Comparing AI Alignment Approaches to Minimize False Positive Risk

Gordon Seidoh Worley

Introduction

Based on the method I used in "Robustness to Fundamental Uncertainty in AGI Alignment", we can analyze various proposals for building aligned AI and determine which appear to best trade off false positive risk for false negative risk and recommend those which are conservatively safest. We can do this at various levels of granularity and for various levels of specificity of proposed alignment methods. What I mean by that is we can consider AI alignment as a whole or various sub-problems within it, like value learning and inner alignment, and we can consider high-level approaches to alignment or more specific proposals with more of the details worked out. For this initial post in what may become a series, I'll compare high-level approaches on addressing alignment as a whole.

Some ground rules:

By "alignment" I mean "caring about the same things".
- If you like I attempted to be more formal about this in "Formally Stating the AI Alignment Problem", but here I'm going to prefer the less formal statement to avoid getting tripped up by being overly specific in just one part of the analysis since we're not being very specific about the alignment methods.
- I say "cares about the same things" rather than "aligned with human interests" to both taboo "align" in the definition of "alignment" and reflect my philosophical leaning that "caring" is the fundamental human activity we are interested in when we express a desire to build aligned AI.
  - I definitely have some unpublished idea about what "caring" means in terms of predictive coding in terms of valence. This is a good recent approximation of them written by someone more understandable than me, and accords with some things I've previously written.
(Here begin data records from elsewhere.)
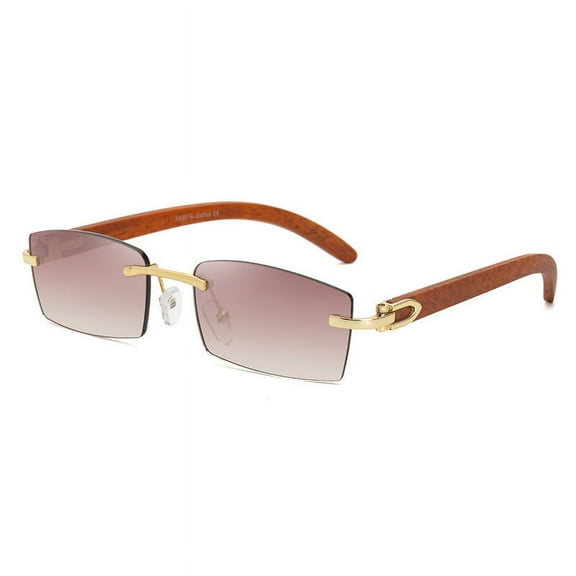 Fashion Sunglasses for Men, Rimless Ocean Piece with Diamond Trim, UV400 Protection, PC Lenses, Metal Frame, New Style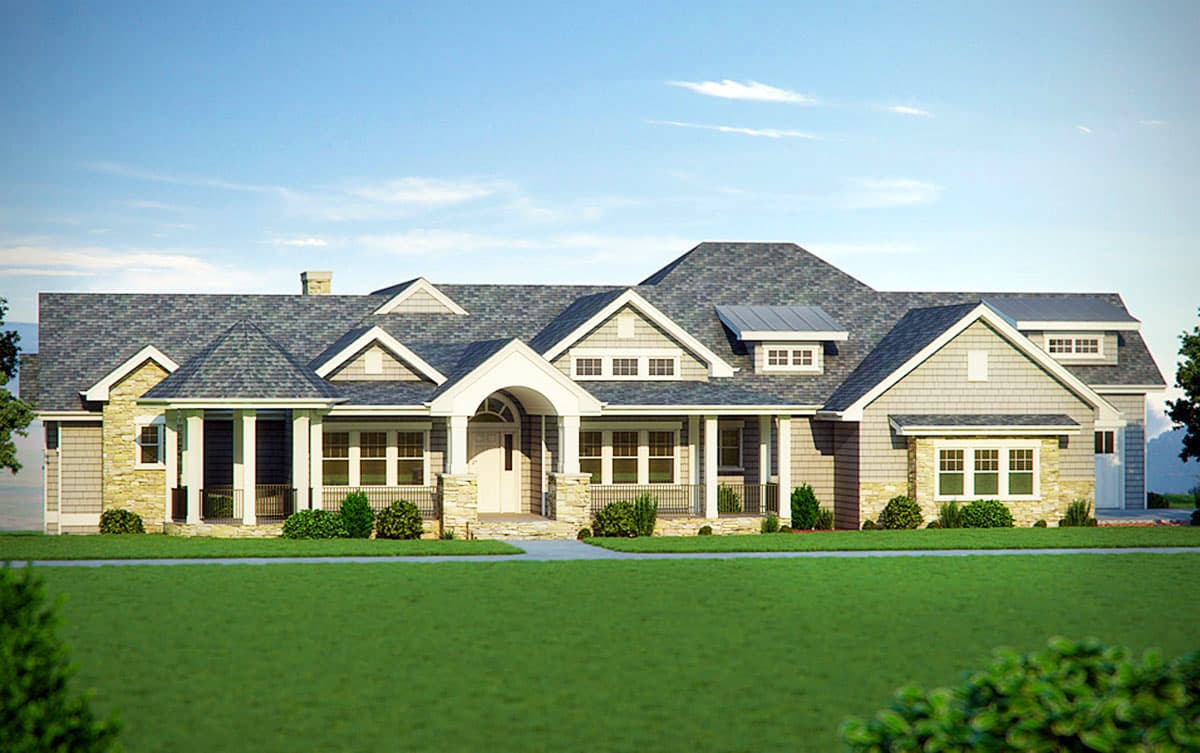 House plan exterior: Traditional style home with a wraparound porch, multiple gables, dormers, and stone accents.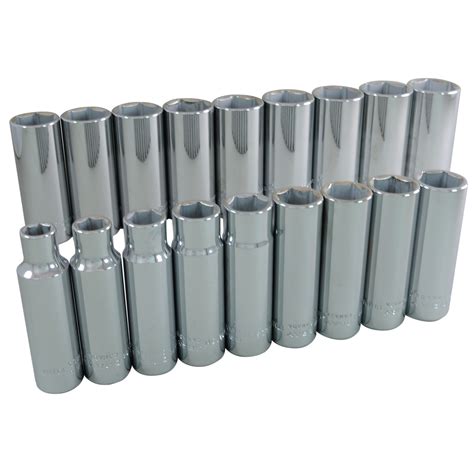 1/2" Dr. 18 Piece 6 Point Deep Metric Socket Set – Gray Tools Online Store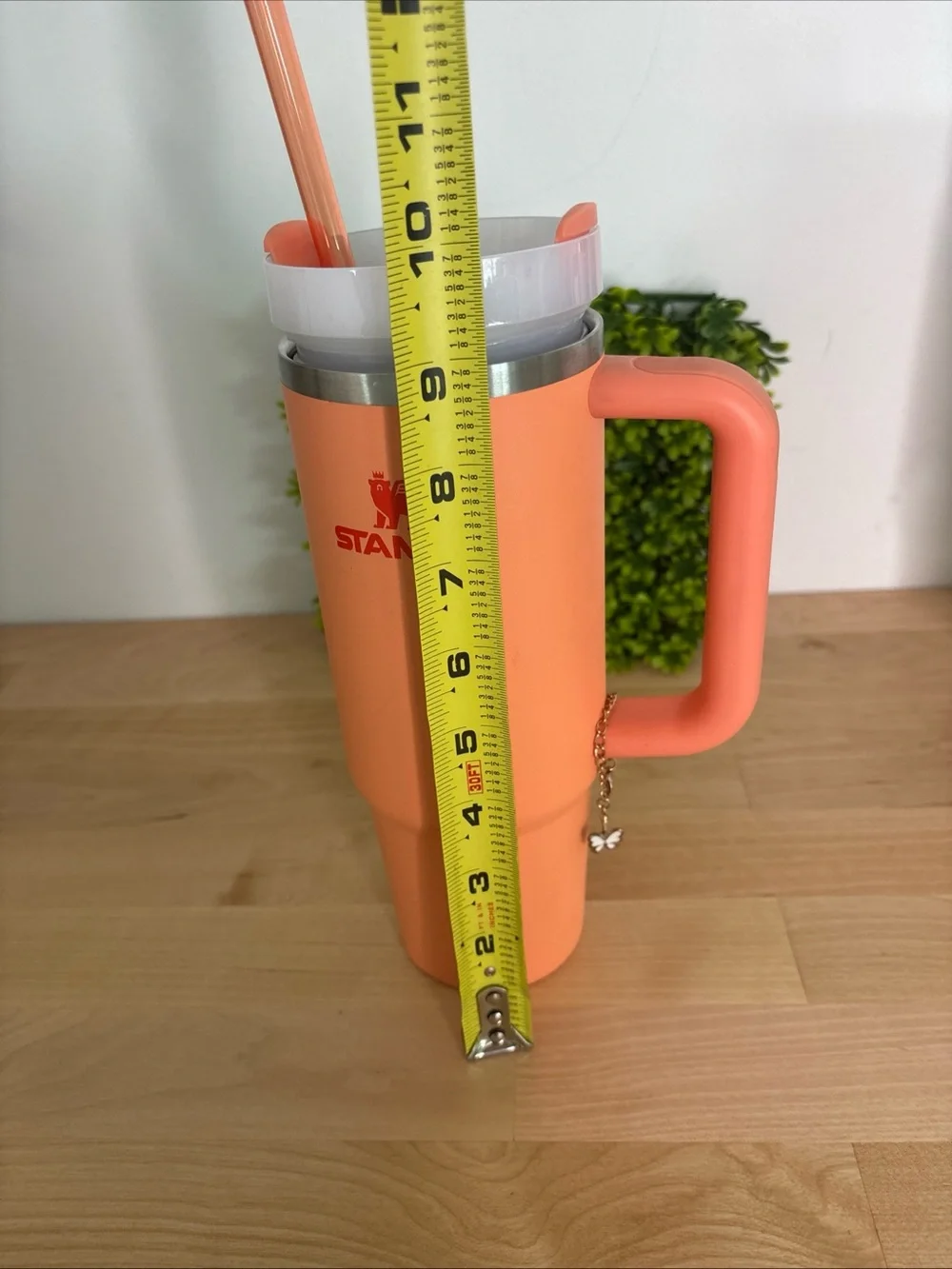 Stanley Coral Orange Travel Mug with Handle and Reusable Straw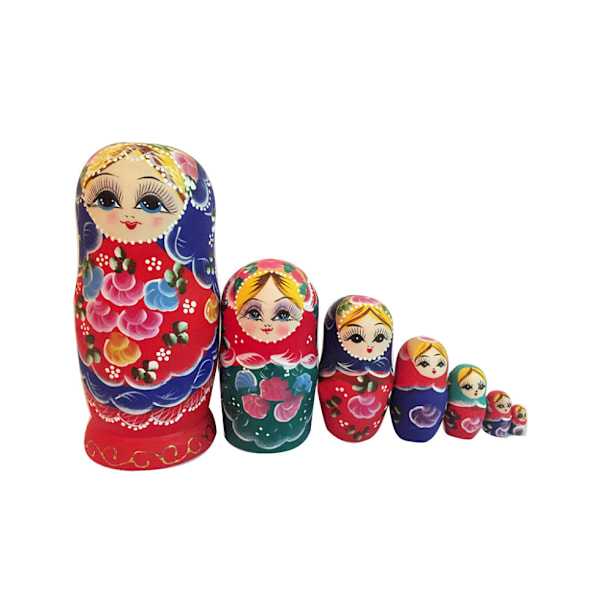 Mandarin 7 stk stabelbare blomsterpige Matryoshka Nesting Dolls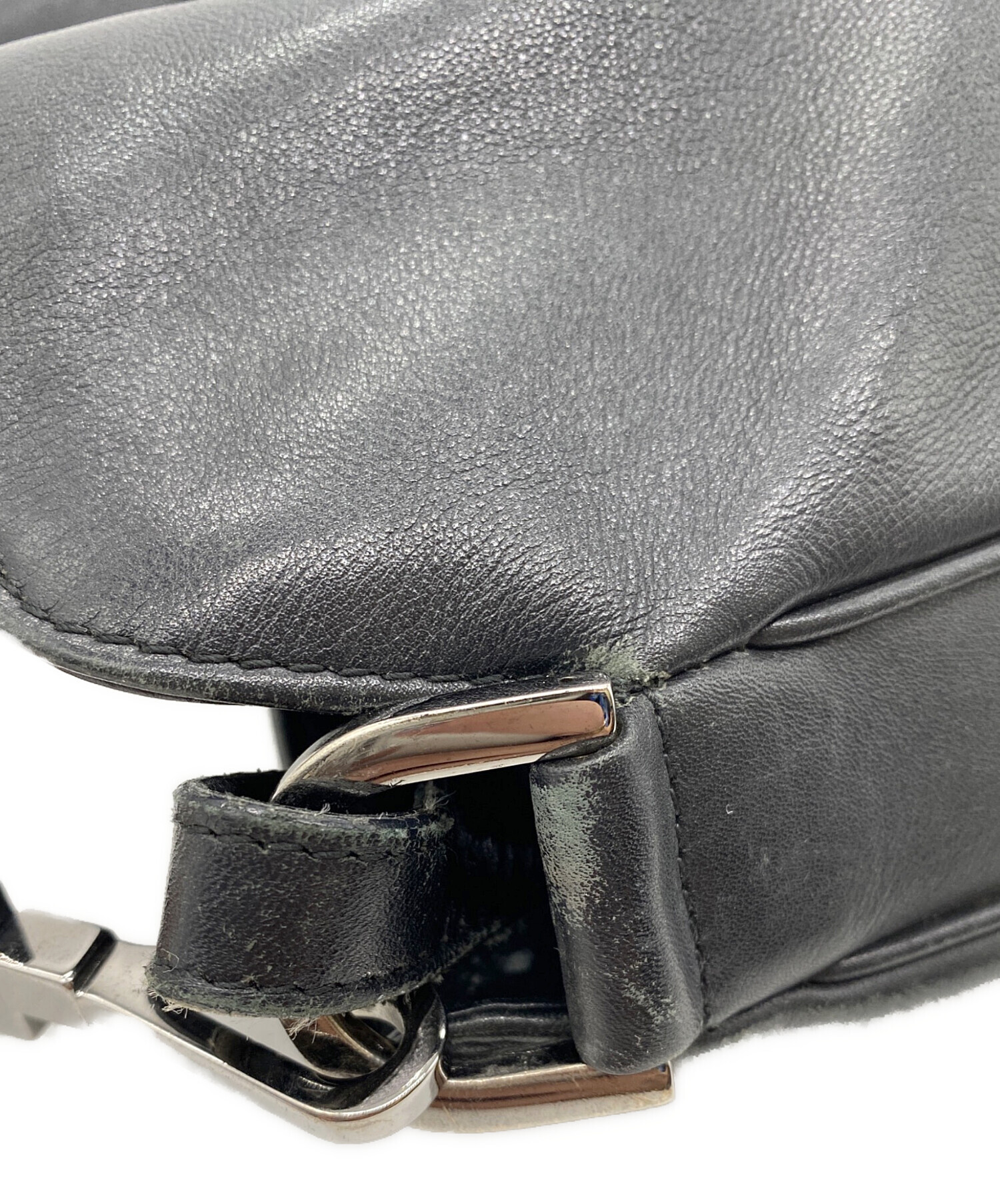 中古・古着通販】GUCCI (グッチ) バンブーショルダーバッグ ブラック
Hopefully not relevant beyond disclosing my background assumptions.
  - Care synonyms for the scrupulous: interest, purpose, telos, concern, value, and preference as long as we use it in the everyday sense of the word to point at a broad category of human activity and not as jargon about choice (even though this broad category does influence how we choose).
By "high-level approaches" I don't mean specific mechanisms or methods for building aligned AI, but general directions or ways in which specific methods are intended to work.
- For example, I consider iterated distillation and amplification an approach, and various ways of using IDA to build aligned AI specific methods.
- Abstractions are complicated, and there's no explicit principle by which I'm making the "high-level" cut off other than some heuristic about the level of abstraction that lets me lump all of the methods that seem more similar to each other than different under the same approach.
If you don't want to dive into the details of the method I'm using here, the tl;dr on it is that we have more to lose from failure than gain from success when developing technologies that create existential risks, and so we should prefer risk mitigation interventions with lower risks of false positives, all else equal, thus I look for arguments that let us at least give an ordinal ranking of interventions in terms of false positive risk.
- I talk of "false positive risk" here because I mean the risk that we think an intervention will work, we try it, and it fails in a way that results in an outcome as bad as or worse than the outcome if we had tried no intervention or not developed the technology because it was deemed too risky.
  - By comparison a false negative here is failing to try an intervention that would have worked but we incorrectly ruled it out because we thought it wouldn't work, seemed too risky, or made some other error in judging it.
- To find that ordinal ranking I primarily look for arguments that allow one intervention to dominate another in terms of false positive risks (see the section on meta-ethical uncertainty in the original paper for an example of this kind of reasoning) or show that all else is not equal and the safest choice is not necessarily the one with the lowest false positive risk (see the section on mental phenomena in the original paper for an example).
- To get there I'll consider the false positive risks associated with each approach, then look for arguments and evidence that will allow us to compare these risks.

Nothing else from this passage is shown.